Cenamos al atardecer, mientras los leones se abandonaban a la saciedad. Mong pretendía que nos alejásemos más, pero Kim señaló que era suficiente y que acamparíamos a la orilla de un riachuelo que recordaba a la izquierda. Prendimos un fuego discreto, con la paja gris que evita el humo, y comimos un poco de la pata de la cebra, que Mong condimentó con hierbas silvestres. La troceamos para repartir el peso y entrerramos las partes inservibles para evitar la molestia de los carroñeros. Después cantamos una vez más, en voz baja, sólo para confortarnos y revivir nuestra gesta mientras recordábamos fragmentos de nuestra aventura. Nos reimos mucho, especialmente cuando bromeamos sobre mi miedo, que al parecer fue desmesurado. Luego Kim y Mong reconstruyeron algunos detalles que me habían pasado inadvertidos porque el temor enturbiaba mis sentidos y mi juicio. Entre ambos lo habían visto todo, comprendiendo cada gesto de los leones, manteniendo la visión de conjunto, demostrando que habían pasado por esa experiencia muchas veces, como todos sabían en el poblado. Después pregunté por qué solo nosotros sabíamos engañar leones, y Mong me confesó que la canción era muy antigua y desconcertaba a las bestias, distraídas por la magia de la música. El repentino silencio las mantenía indecisas durante unos instantes, mientras el centro del trío se agachaba para cortar una pata de la cebra. El resto también era obra de la canción y la simpleza de los leones, sorprendidos en la sencillez de su mundo por un animal desconocido. Mong bromeó sobre la incapacidad de los leones para separar en su visión a tres hombres caminando juntos, que se mostraban a los ojos de las bestias como un único enemigo.
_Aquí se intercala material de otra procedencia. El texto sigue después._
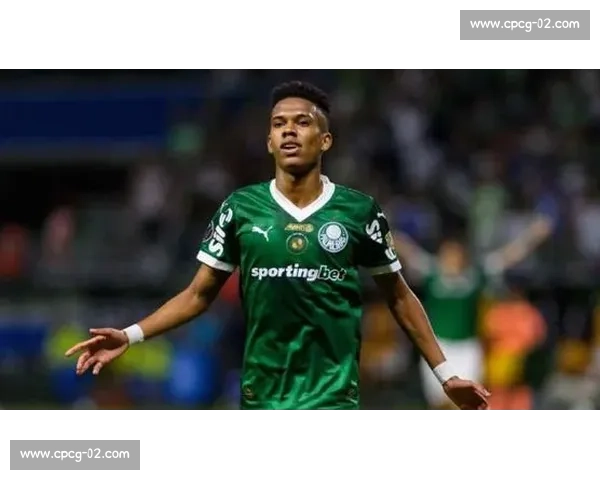 切尔西世俱杯验货 6000 万欧新星！埃斯特旺直面新东家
La sorpresa desaparecía pronto, por lo que era conveniente escapar cuando el ritmo de la canción ordenaba deshacer el camino, porque los leones no debían percibir el engaño del intruso, que escapaba con parte de su presa. El resto era fácil, seguir la canción y confiar en que acontecería la magia prometida. Después pregunté si los hombres blancos sabían engañar leones. Mis hermanos rieron con fuerza. Kim aseguró que no, y Mong confesó que era imposible, porque no sabían enfrentarse al miedo.